The way I see it is that the Nordic countries are like five rooms and a kitchen. There are slight differences in how the rooms have been decorated - one with Ikea’s, one with Artek’s furniture - but they still constitute a home.
The five rooms and kitchen of the Nordic countries are highly valued and admired around of world. This is something we must cherish and develop further. Investing in Nordic cooperation is worth its while.
Also on the agenda in Iceland will be Arctic issues. We are giving our strong support to Iceland during its Chairmanship of the Arctic Council. Finland must continue to have a prominent role in these matters.
What we need is a strong Arctic Council. Its members must, through their own actions, show true ownership regarding the area and the shared challenges - starting from climate change mitigation. Obviously, Arctic issues are much more than what we are doing within the Arctic Council.
They touch upon a broad spectrum of societal sectors, which should also be taken into account when we start to prepare the new Arctic policy strategy. A stronger Arctic policy is also one of the key aims of the Government Programme. We must follow the impacts of global trends in the Arctic very closely.
The Nordic countries are also getting closer to each other in security policy. The Government is pushing forward stronger cooperation in security and defence policy, especially with Sweden. There is a clear and logical continuum in this work. The cooperation is now - as we could say - on a new level that is very deep while also being pragmatic. The development is very much an outcome of the change in the security situation in the Baltic Sea region.
Finland is a militarily non-allied EU Member State with a credible capacity to defend its own territory. As the Presidency of the Council of the EU we also wish to develop defence cooperation within the EU. Our NATO partnership is getting stronger. We are building well-functioning bilateral defence cooperation in Europe and with the United States.
Finland is constantly assessing the changes that are taking place in the security policy environment. Our assessment of the impacts of the changes on our position is an independent one. Military non-alliance is not an ideological but a pragmatic choice, and so is the possibility of changing this.
My Government will continue to pursue a long-term foreign and security policy. It is important that the message of the continuity of our policy is clear.
The programme of Finland’s 75th Government reflects our desire to renew the welfare state and eradicate inequality.
The Government Programme was published in Helsinki Central Library Oodi, in the middle of people and culture. It won a great deal of interest abroad, especially due to the socially fair and just climate policy.
Our approach to the world is strongly based on values. This means new kind of boldness in defending the rule of law, including equality and the position of girls and women.
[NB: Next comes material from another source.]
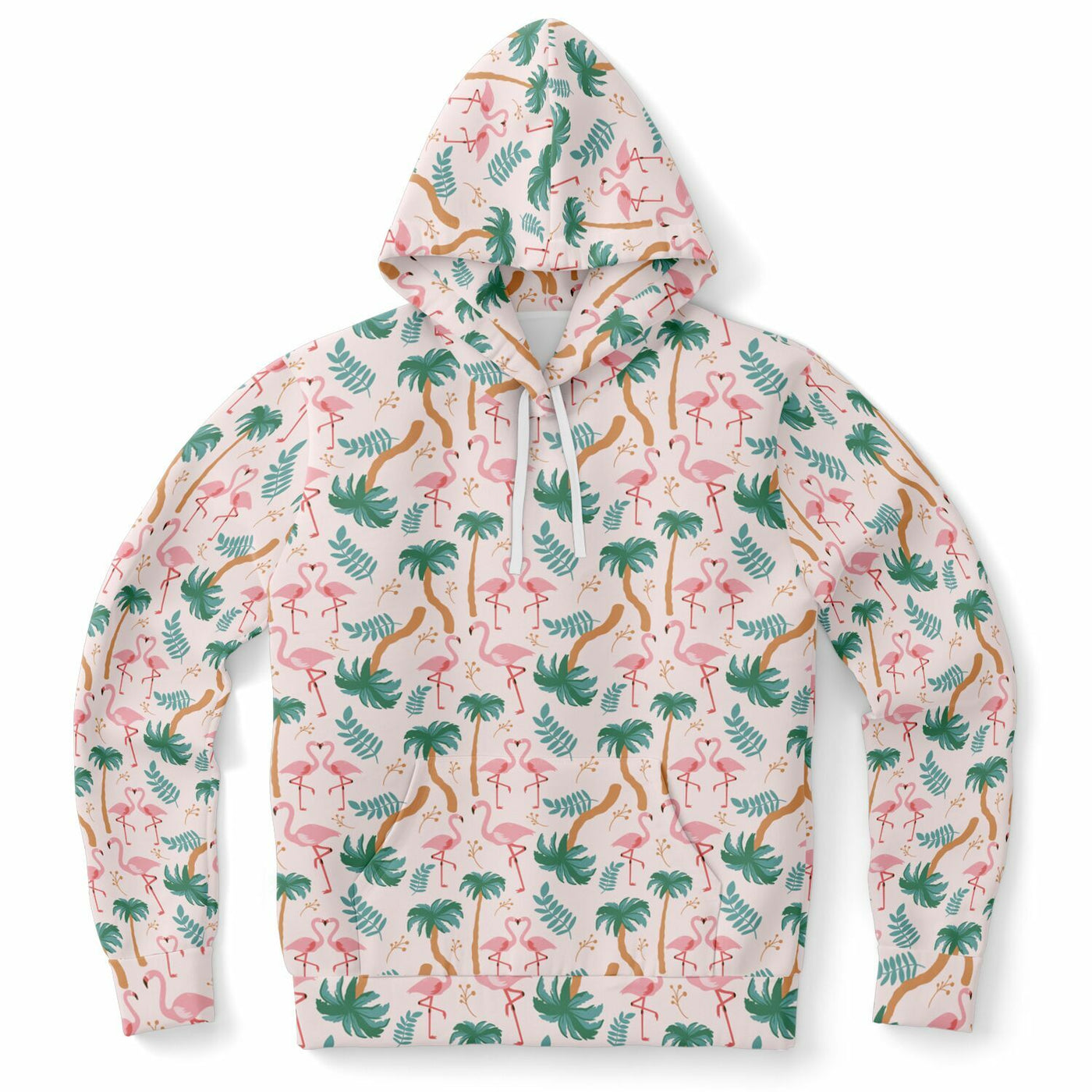 Flamingo Tropical Floral Hoodie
Our perception of justice will be clearly visible in the development and asylum policy.
The years of rapid growth are now behind us. There seem to be prolonged tensions between the United States and China. Both countries are among the key destinations for our exports. At the end of October, we will know more about Brexit. The figures published last week show that growth is slowing down in Germany, which is the most important market for Finland within Europe.
Today’s trade disputes seem to involve a risk that is more permanent in nature: the risk that the very foundations of rule-based free trade may be eroded.
The Government Programme prepares us very well for economic development in the years to come. Active fiscal policy measures will be taken to react to economic cycles. The cycles should not be strengthened through even tighter fiscal policy now that the growth is stagnating. In international contexts fiscal policy has an even more important role than before.
Reacting to economic cycles means that, where necessary, total demand is supported by adjusting revenue and expenditure and the timing of investments to infrastructure projects. This is also the first time when the Government Programme sets out a mechanism by which we can react to highly exceptional economic cycles. This will only be applied in case of serious disturbances, such that luckily enough are not yet in view.
The focus on competence, inclusion and sustainable development are also clearly seen in the Government’s economic policy. We will be starting a highly significant investment programme for the future. Under the programme, resources will be directed especially to competence building and research and to nature protection and climate measures, all of which will enhance the production potential of our economy and secure a viable planet for us, also in the future. All this is concerned with policy-making with good understanding of the long-term effects.
Also at the core of our economic policy is social justice. We wish to improve the services available to ordinary people and the livelihood of people whose income is very low. Together with the employment measures, the aim is to create a safe and secure future that is full of hope for all. If we do not succeed in this, the political consequences may be very serious.
In many societies the dividing lines are getting stronger. The easy answer to the question “Why should we care?” is “”We have done enough for others.” Besides weakening the societies, this kind of thinking creates uncertainties relating to the multilateral system. We can hear such destructive thoughts even in European societies.
A new kind of conservatism is on the rise and may compromise many achievements, such as those of the feminist movement towards better equality, which we have assumed to be permanent. I hope that you will follow societal development in your host countries and analyse its depth and trends.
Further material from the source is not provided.